**Problem description**: Your job is to print, exactly, the lines in the data below from the line with "爱心熊仔陶瓷中式手链情侣款" through the line with "600 etiquetas diseñadas", both included, and to omit any picture.
** Opening Information provided block **
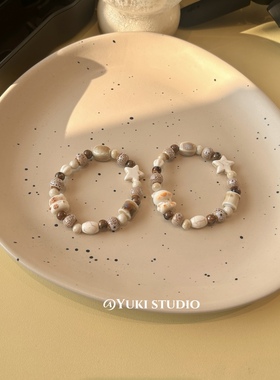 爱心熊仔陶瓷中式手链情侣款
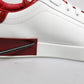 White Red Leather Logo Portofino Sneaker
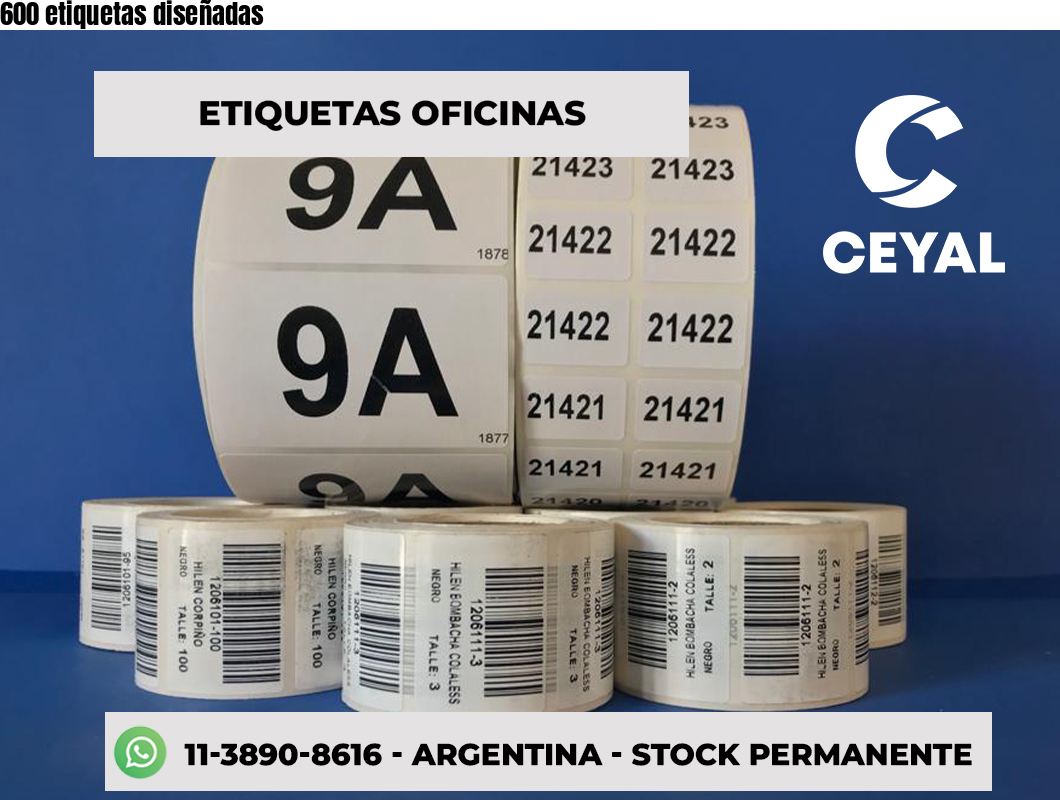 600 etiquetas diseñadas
** Closing Information provided block **
** Opening Information provided block **
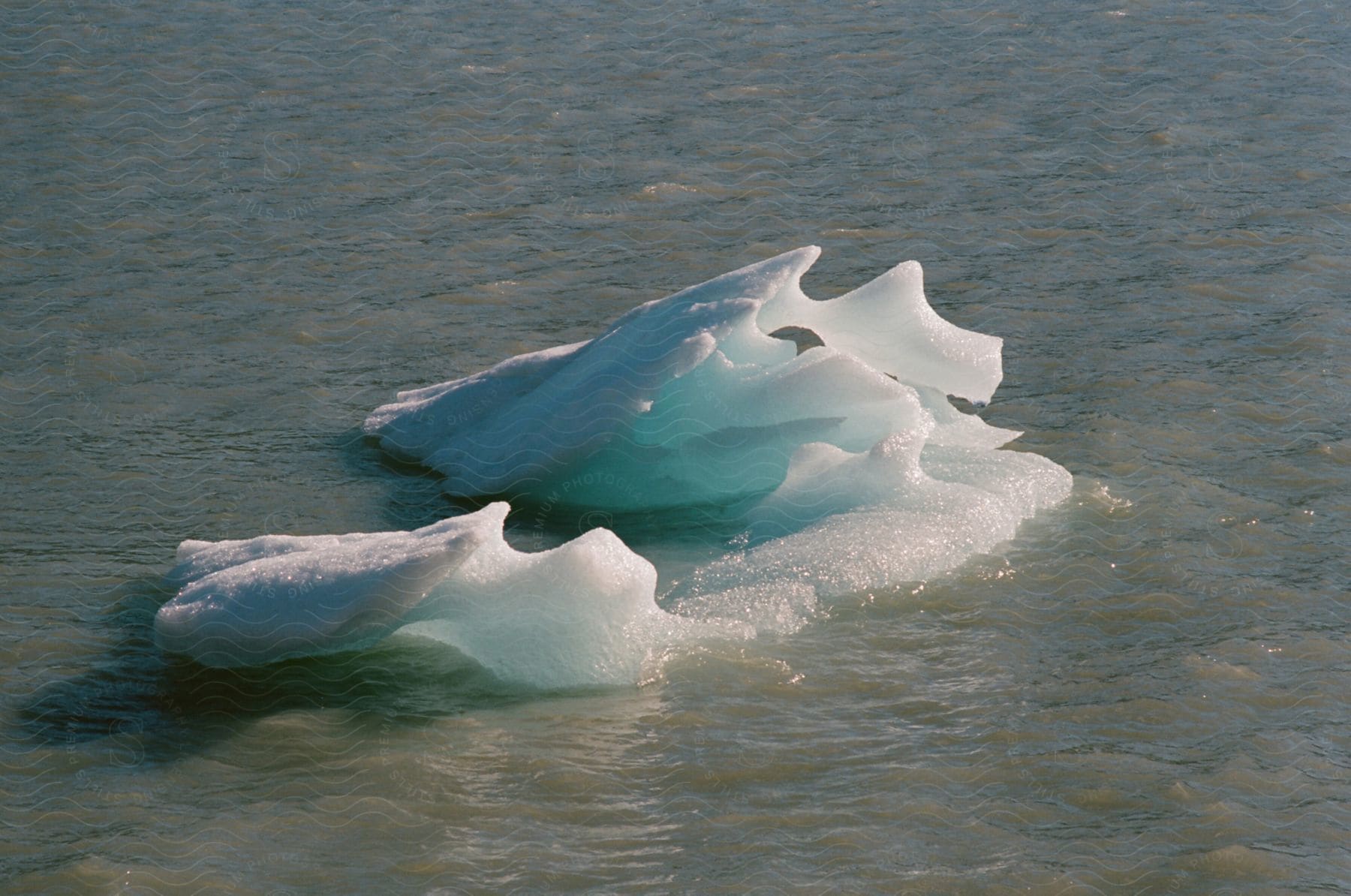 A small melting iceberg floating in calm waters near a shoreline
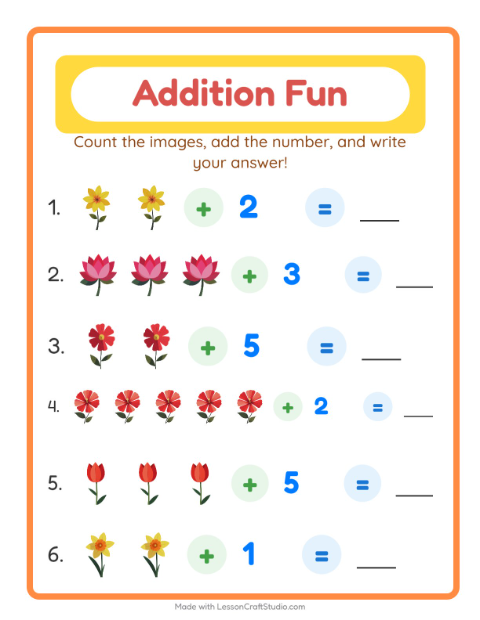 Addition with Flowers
** Closing Information provided block **
**Task solution**:
 爱心熊仔陶瓷中式手链情侣款
 White Red Leather Logo Portofino Sneaker
 600 etiquetas diseñadas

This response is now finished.